Markus di Egidio, Wachleiter der Schongauer Rettungswache, im Interview zur Gewalt gegen Rettungskräfte im Einsatz.

Ein neuer Höchststand bei der Gewalt gegen Polizisten ist in Bayern erreicht, auch Feuerwehrler und Sanitäter werden häufig angegangen, wie diese Woche die 21-jährige Rettungsassistentin in Peiting. Wir sprachen mit dem Wachleiter der Schongauer Rettungswache, Markus di Egidio.

-Die Gewalt gegen Polizisten nimmt zu, auch Feuerwehrleute werden angegriffen. Ist auch ein Trend zu mehr Gewalt gegen Rettungssanitäter erkennbar?

Solche Fälle hat es vor zehn Jahren auch schon gegeben. Ich nehme es so wahr, dass dieses Gewaltphänomen wellenförmig auftritt. Und momentan ist das Thema in aller Munde – man denke nur an die vielen Berichte über verstopfte Rettungsgassen oder eben an den Vorfall, der sich in Peiting zugetragen hat.

-Werden die Sanitäter für solche Ausnahmesituationen besonders geschult?

Die Ausbildung wurde über die Jahre immer wieder überarbeitet. Dass das ein wichtiger Punkt ist, wurde schnell erkannt. In der neuesten Fassung der Notfallsanitäterausbildung werden Strategien zur Deeskalation solcher Situationen vermittelt.

-Und wie verhält sich ein Notfallsanitäter richtig?

Die oberste Devise, wenn es bei der Alarmierung bereits heißt „auf Eigenschutz achten“, lautet: Fluchtwege offen halten. Außerdem gilt als Regel: Keine Angriffsfläche bieten – also beispielsweise den Rucksack schützend vor sich halten. Ein wichtiges Mittel zur Deeskalation ist die Stimme. Besonders die Stimmmodulation, sprich die Gestaltung der Sprache und die Stimmlage. Wie ich auftrete hängt natürlich davon ab, ob die zu behandelnde Person zum Beispiel von Haus aus gewaltbereit ist, unter Drogen- oder Alkoholeinfluss steht, oder an einer psychischen Erkrankung leidet.
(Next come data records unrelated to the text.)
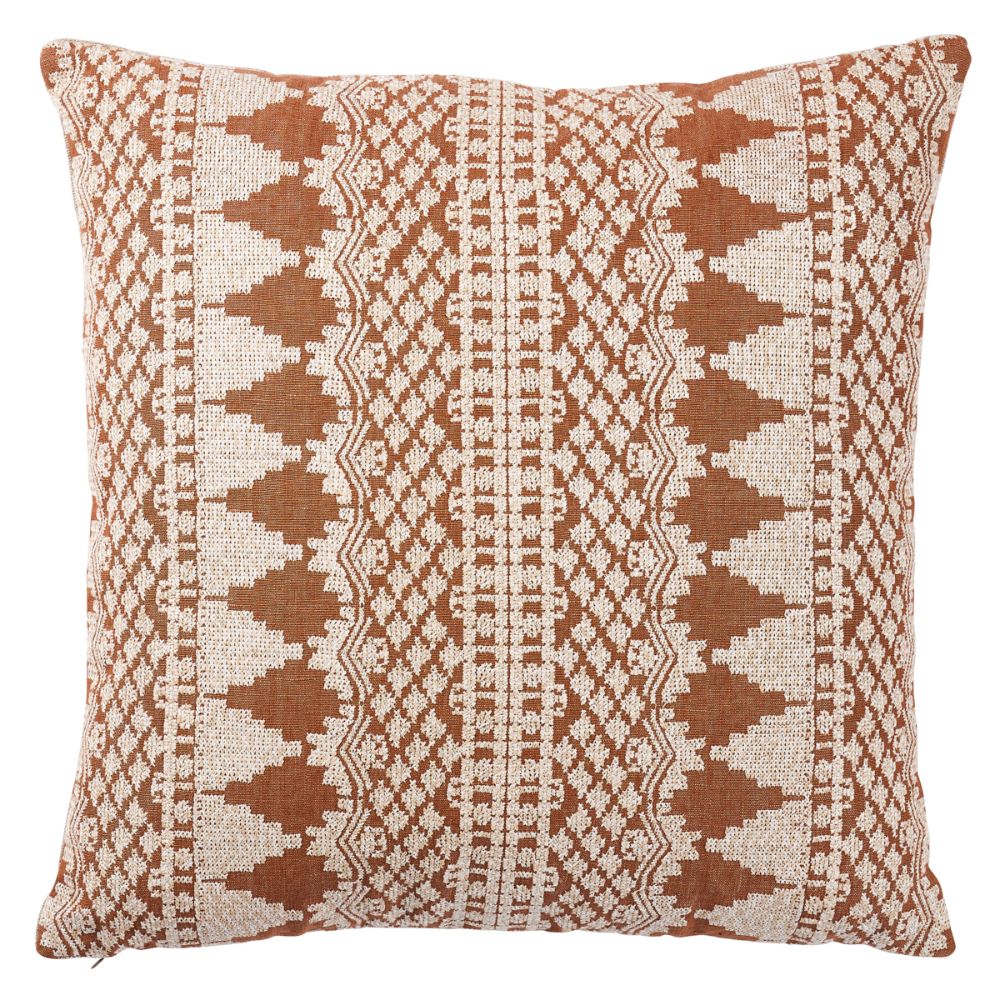 Schumacher SO7547006 Wentworth Embroidery 22" Pillow Pillows & Accessories in Rust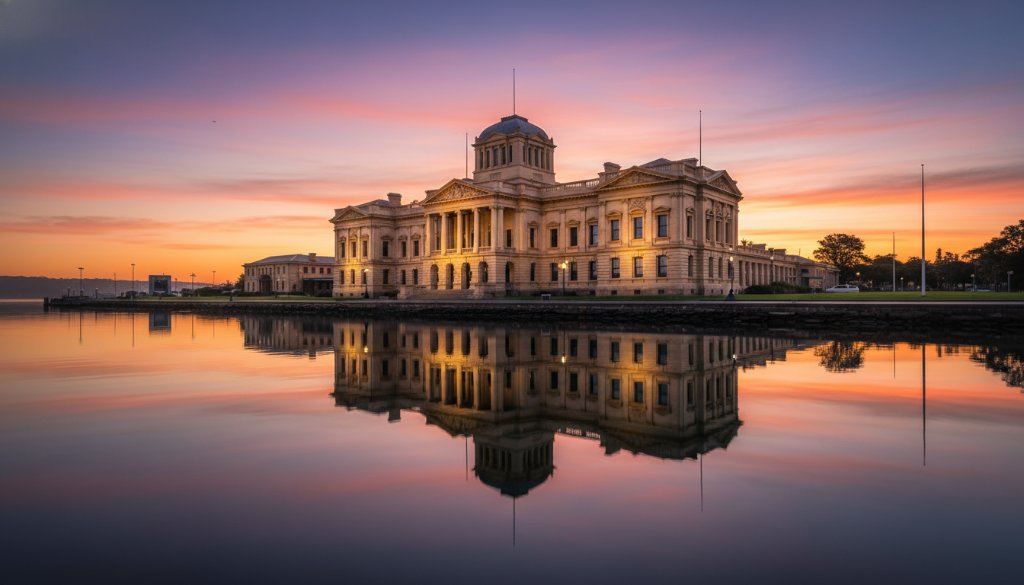 Dramatic wide-angle shot highlighting the intricate details of a meticulously restored historic Geelong building at sunrise, captured by historic Geelong building photography experts, with golden light illuminating its facade and a clear blue sky.
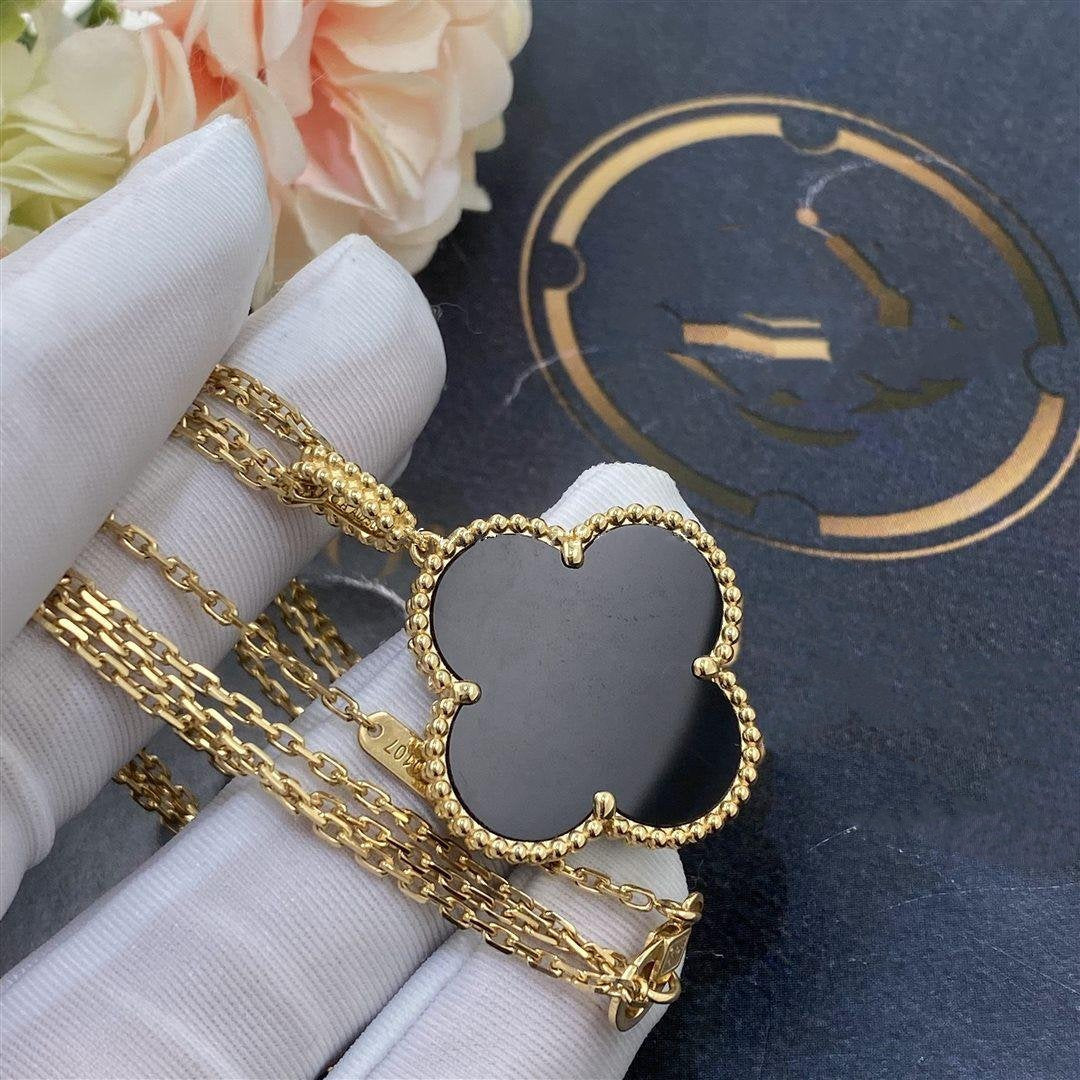 [✨Rose💎]CLOVER 25MM GOLD ONYX BIG CLOVER NECKLACE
-Bei der Polizei wird nach positiven Erfahrungen über den Einsatz sogenannter Body-Cams diskutiert, also Kameras, die das Einsatzgeschehen aufnehmen. Wäre das auch für Rettungssanitäter denkbar?

Soweit ich mich erinnern kann, wurde darüber bereits nachgedacht. Ich weiß aber nicht, ob das überhaupt datenschutzrechtlich mit der ärztlichen Schweigepflicht vereinbar ist und sinnvoll ist. Bei der Polizei macht das Sinn, da damit Straftaten dokumentiert werden können. Im Großen und Ganzen werden wir vom Arbeitgeber sehr gut ausgestattet.

-Gibt es speziell Schutzkleidung für Sanitäter?

Bei Einsätzen in Problembezirken großer Städte gibt es wohl Kollegen, die stichhemmende Westen tragen. Aber bei uns braucht man so etwas nicht. Wir sind letztes Jahr circa 6900 Einsätze gefahren – ich kann mich an keine zehn Vorfälle wie den kürzlich in Peiting erinnern. Und zu diesem Vorfall muss auch gesagt werden, dass die Frau sich in einer Ausnahmesituation befand und an einer psychischen Erkrankung leidet. Was vielleicht tatsächlich auch bei uns zugenommen hat, sind Beleidigungen. Aber ob das mit einem Generationswandel oder irgendeinem anderen Umstand zu tun hat, kann ich auch nicht sagen.